Précis: Creative and likeable “coming of age” story set against Iran’s modern history.

Review by Matt:

Persepolis is an animated cartoon version of Marjane Satrapi’s popular autobiographical graphic novels about growing up in Iran.  You might already be dubious, especially if you prefer the cinema to be a place for an entertaining escape and have been burned before by contemporary Iranian films (many of which are fine films but, oh so painful!) Don’t worry, Persepolis filters this potentially depressing subject through Marjane’s idiosyncratic viewpoint and tells a story with a refreshing wit and whimsy. Iran’s modern history, dominated by the deposition of the Shah and the consequent rise of the current fundamentalist regime, becomes the backdrop to a personal tale about rebellion against repression and the search for identity. It’s a touching and funny story whose messages are universal.
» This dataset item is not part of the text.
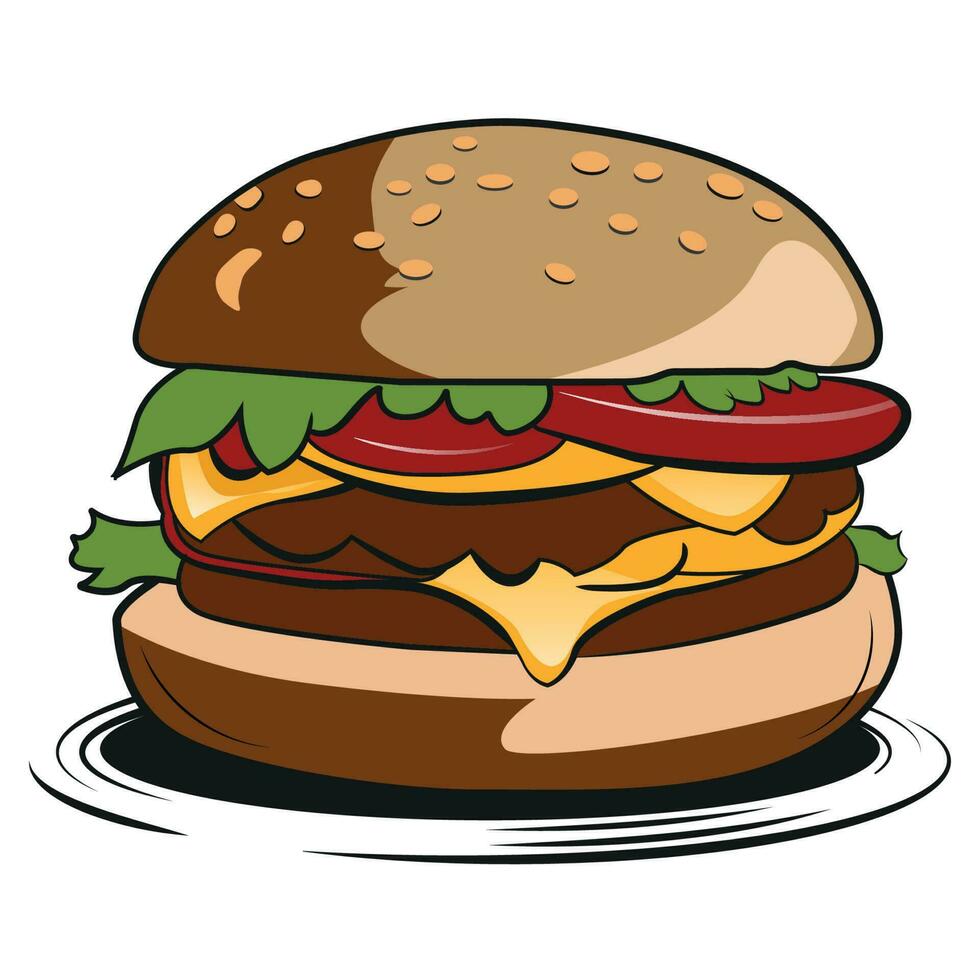 hamburguer vetor ilustração linha arte desenhando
The story begins when Marjane is a small girl living with her family during the last days of the Shah in the late 1970s. It’s evident from the start that she’s a feisty non-conformist, obviously influenced by her liberal family, some of whom are even imprisoned as dissidents. Part of the delight of these early scenes is the way events are filtered through Marjane’s childish viewpoint. A story about the Shah, for example, unfolds on the screen as an animated fable. As she becomes older and the regime more repressive, Marjane’s indomitable free spirit leads to trouble and a self-imposed exile to Europe. More animated adventures confront her there, but special prominence is given to her search for identity as an Iranian living in the west.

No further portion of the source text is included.